* **Task input**

*-*-*

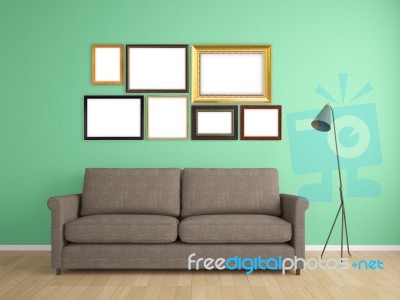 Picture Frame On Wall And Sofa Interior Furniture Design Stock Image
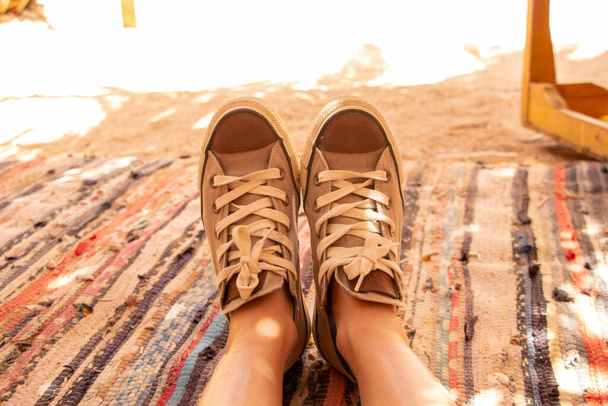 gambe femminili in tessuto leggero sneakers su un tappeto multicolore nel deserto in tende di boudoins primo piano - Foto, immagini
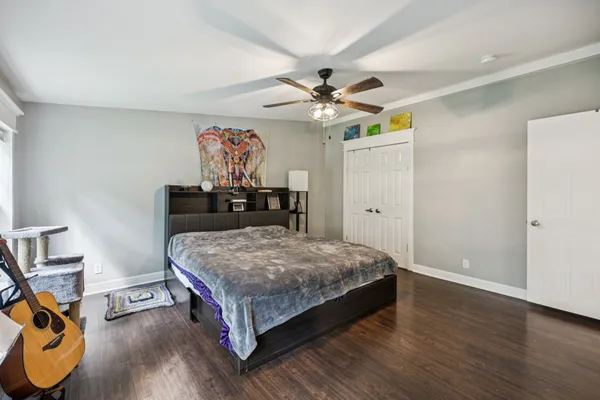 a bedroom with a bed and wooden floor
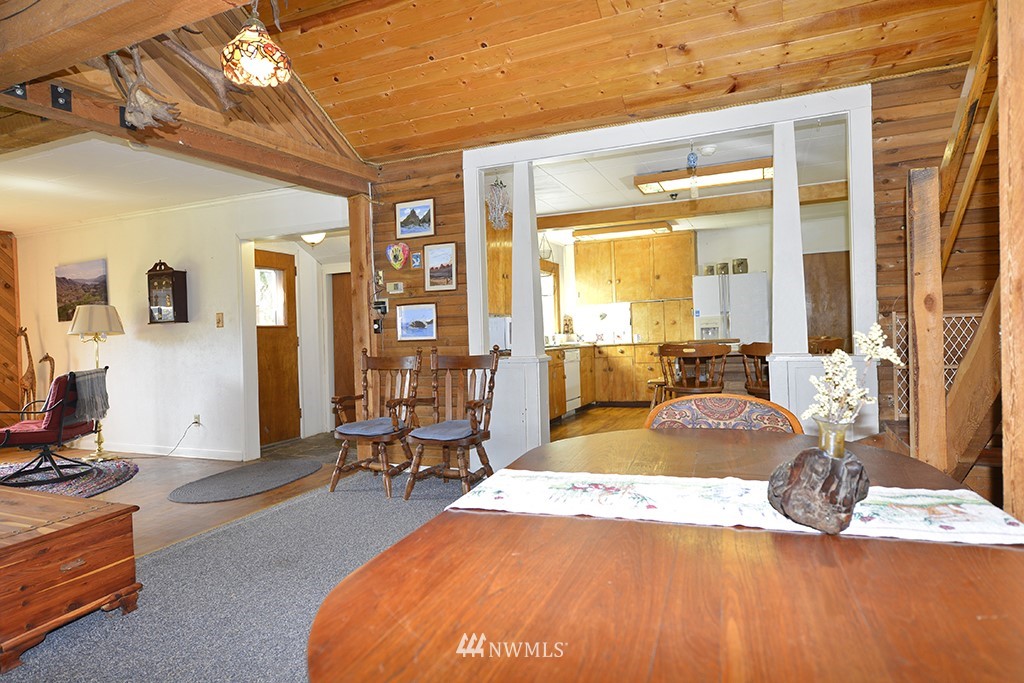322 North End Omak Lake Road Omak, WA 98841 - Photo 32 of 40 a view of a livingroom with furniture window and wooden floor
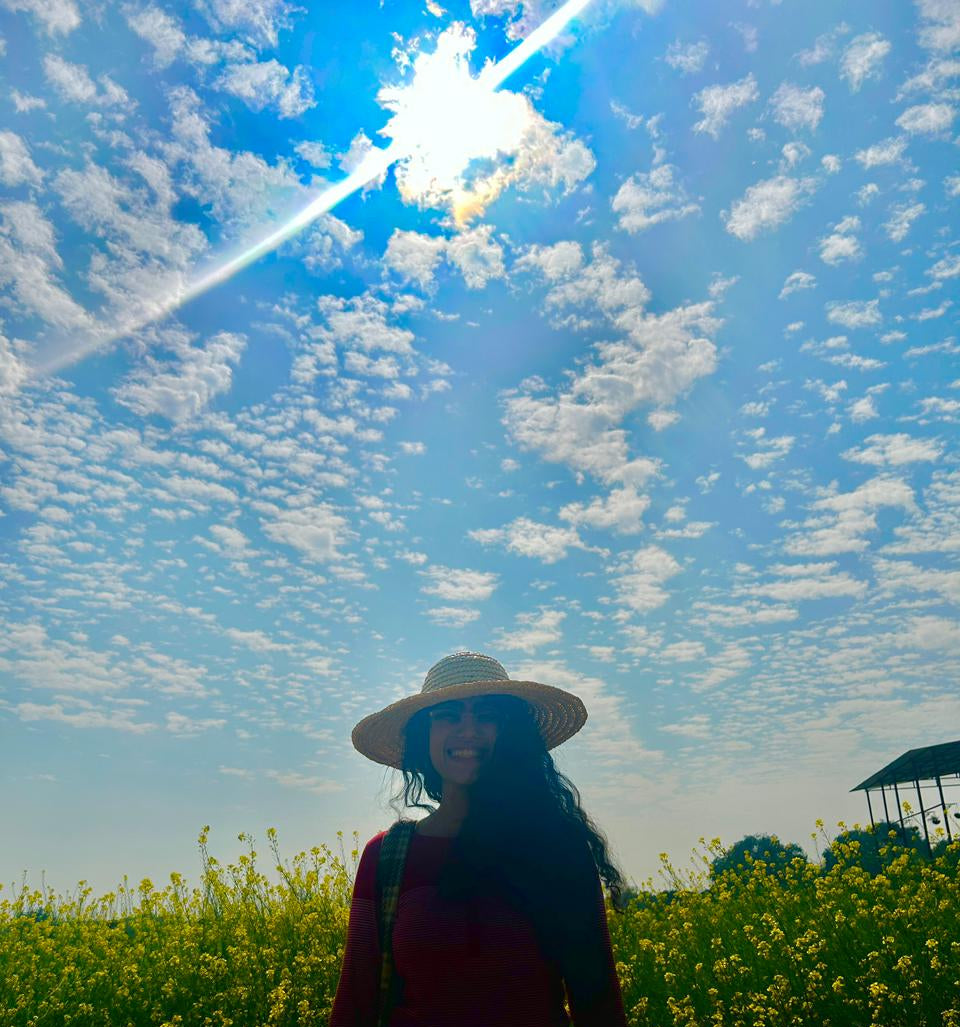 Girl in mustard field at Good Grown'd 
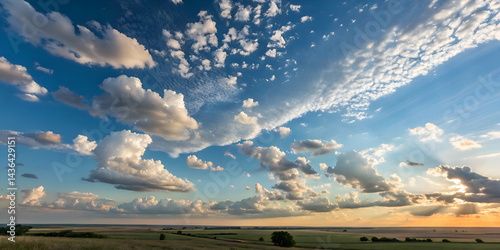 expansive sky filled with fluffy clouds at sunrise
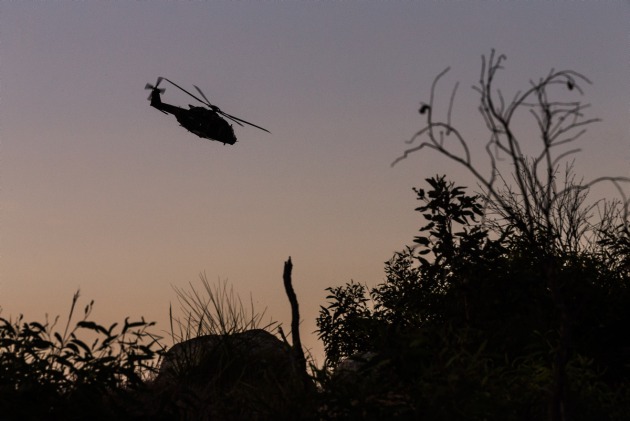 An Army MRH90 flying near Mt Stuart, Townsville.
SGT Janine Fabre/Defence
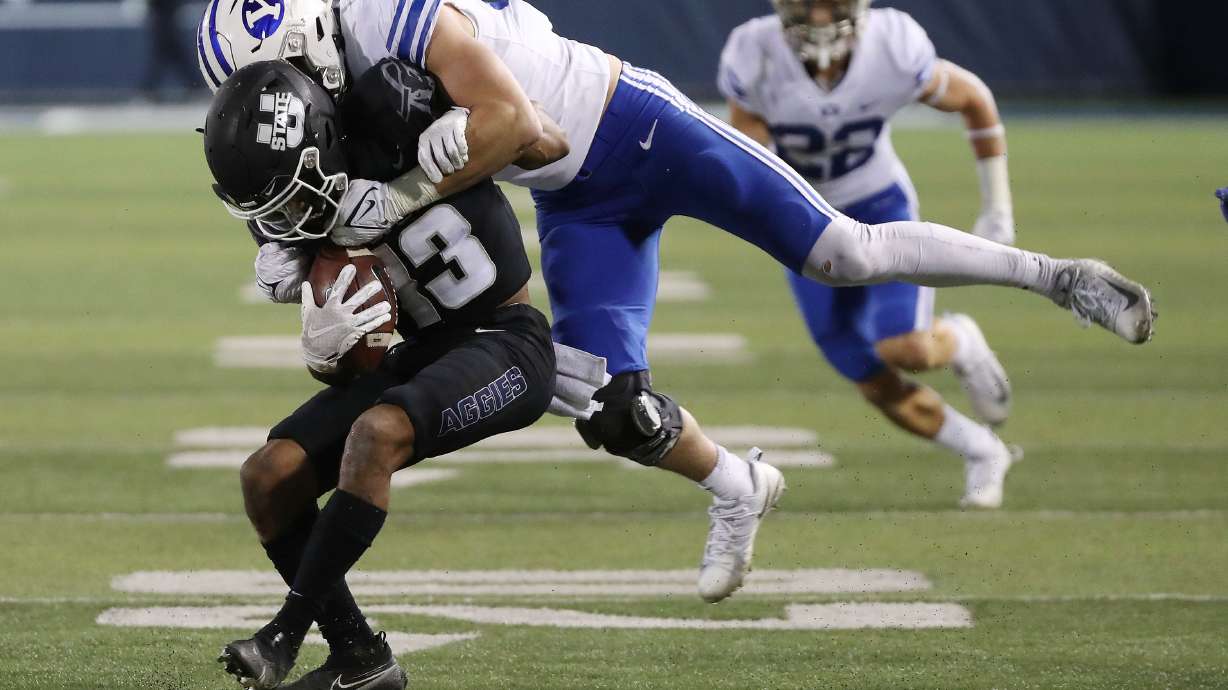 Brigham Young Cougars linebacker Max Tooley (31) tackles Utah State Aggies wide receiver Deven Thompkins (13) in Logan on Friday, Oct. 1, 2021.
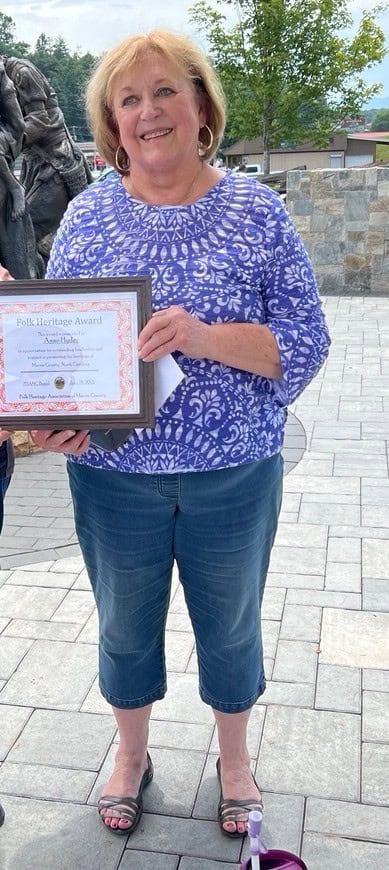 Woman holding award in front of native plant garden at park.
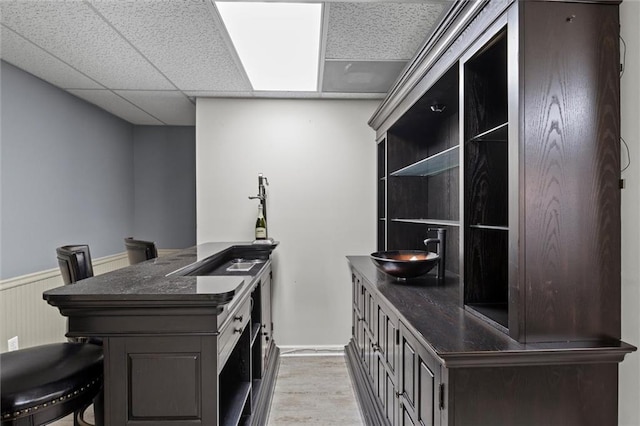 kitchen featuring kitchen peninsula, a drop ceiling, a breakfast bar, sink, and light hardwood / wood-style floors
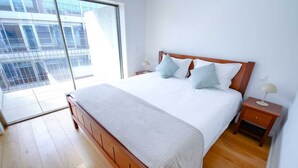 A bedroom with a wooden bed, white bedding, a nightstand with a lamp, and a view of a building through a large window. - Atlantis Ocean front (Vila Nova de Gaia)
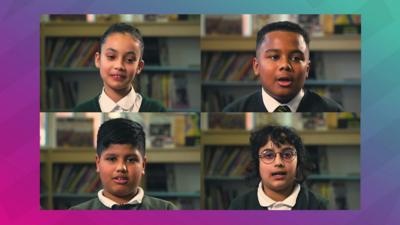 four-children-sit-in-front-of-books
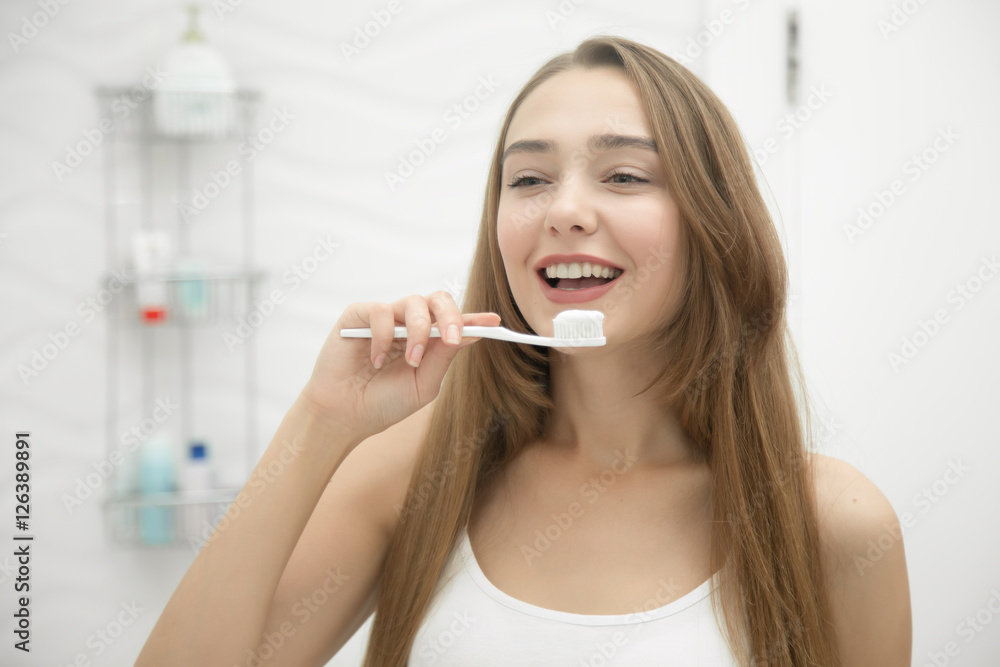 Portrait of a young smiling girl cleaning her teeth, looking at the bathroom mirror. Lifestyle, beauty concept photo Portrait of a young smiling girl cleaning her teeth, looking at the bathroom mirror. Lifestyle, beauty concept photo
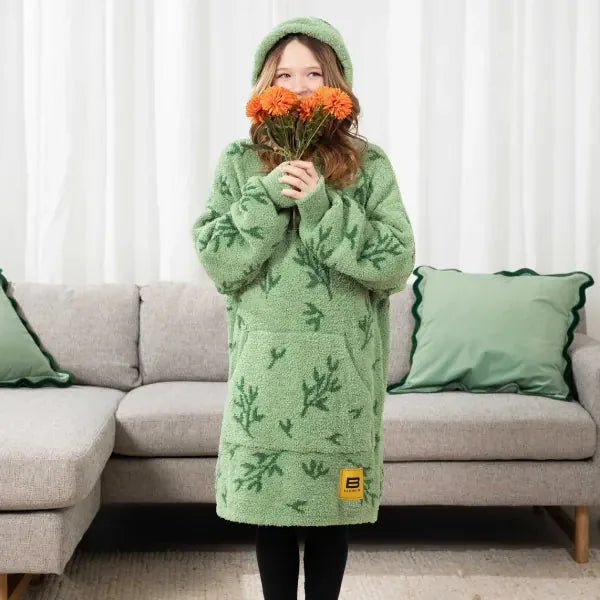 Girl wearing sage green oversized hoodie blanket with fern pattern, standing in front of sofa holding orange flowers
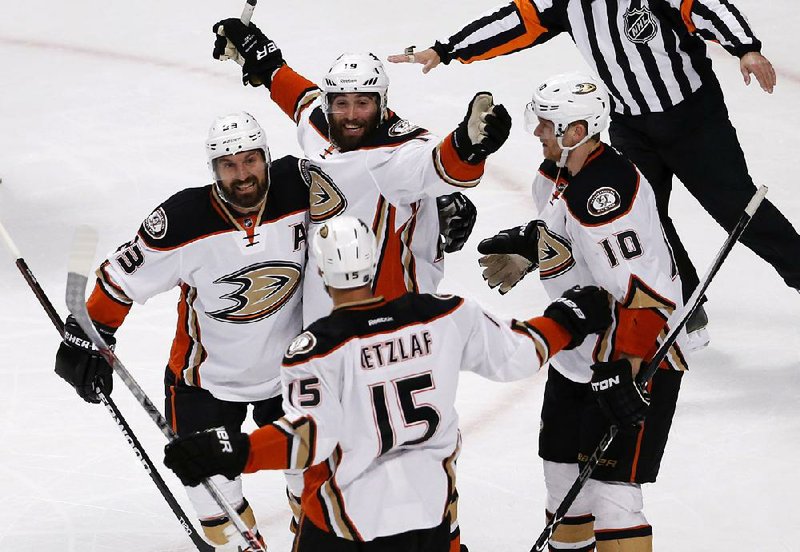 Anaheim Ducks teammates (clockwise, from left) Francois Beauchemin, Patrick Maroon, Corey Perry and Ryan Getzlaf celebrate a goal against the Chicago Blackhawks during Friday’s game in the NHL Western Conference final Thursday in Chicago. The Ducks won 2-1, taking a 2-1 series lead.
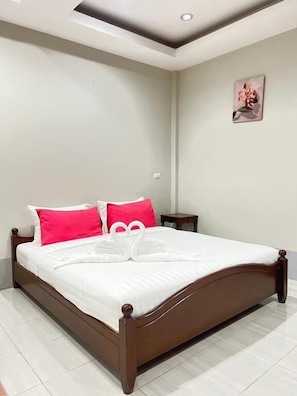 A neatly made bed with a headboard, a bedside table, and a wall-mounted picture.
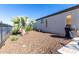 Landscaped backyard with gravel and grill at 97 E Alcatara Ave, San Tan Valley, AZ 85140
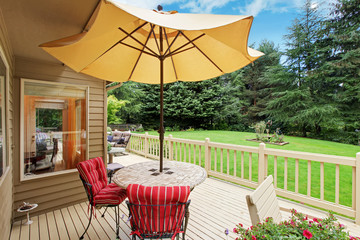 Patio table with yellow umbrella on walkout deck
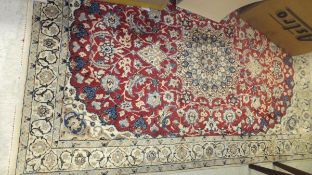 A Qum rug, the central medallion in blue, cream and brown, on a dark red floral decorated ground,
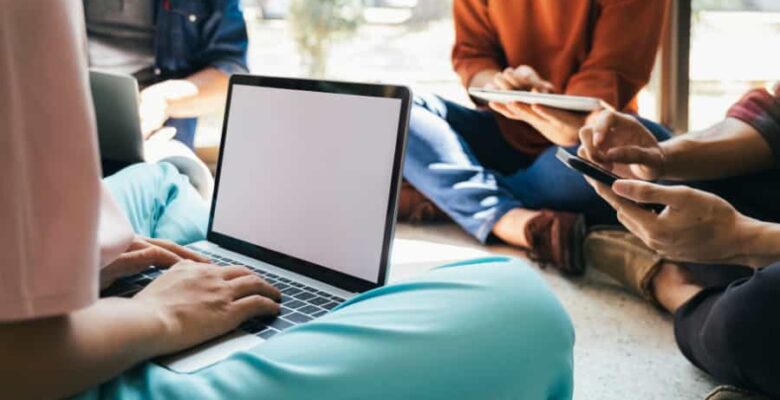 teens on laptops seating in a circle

*-*-*

* **Task prompt**
An exact copy is needed of the entries above, starting at the line that holds "expansive sky filled" and stopping at the line that holds "Patio table with", both kept; pictures stay out.

* **Written solution**
 expansive sky filled with fluffy clouds at sunrise
 An Army MRH90 flying near Mt Stuart, Townsville.
SGT Janine Fabre/Defence
 Brigham Young Cougars linebacker Max Tooley (31) tackles Utah State Aggies wide receiver Deven Thompkins (13) in Logan on Friday, Oct. 1, 2021.
 Woman holding award in front of native plant garden at park.
 kitchen featuring kitchen peninsula, a drop ceiling, a breakfast bar, sink, and light hardwood / wood-style floors
 A bedroom with a wooden bed, white bedding, a nightstand with a lamp, and a view of a building through a large window. - Atlantis Ocean front (Vila Nova de Gaia)
 four-children-sit-in-front-of-books
 Portrait of a young smiling girl cleaning her teeth, looking at the bathroom mirror. Lifestyle, beauty concept photo Portrait of a young smiling girl cleaning her teeth, looking at the bathroom mirror. Lifestyle, beauty concept photo
 Girl wearing sage green oversized hoodie blanket with fern pattern, standing in front of sofa holding orange flowers
 Anaheim Ducks teammates (clockwise, from left) Francois Beauchemin, Patrick Maroon, Corey Perry and Ryan Getzlaf celebrate a goal against the Chicago Blackhawks during Friday’s game in the NHL Western Conference final Thursday in Chicago. The Ducks won 2-1, taking a 2-1 series lead.
 A neatly made bed with a headboard, a bedside table, and a wall-mounted picture.
 Landscaped backyard with gravel and grill at 97 E Alcatara Ave, San Tan Valley, AZ 85140
 Patio table with yellow umbrella on walkout deck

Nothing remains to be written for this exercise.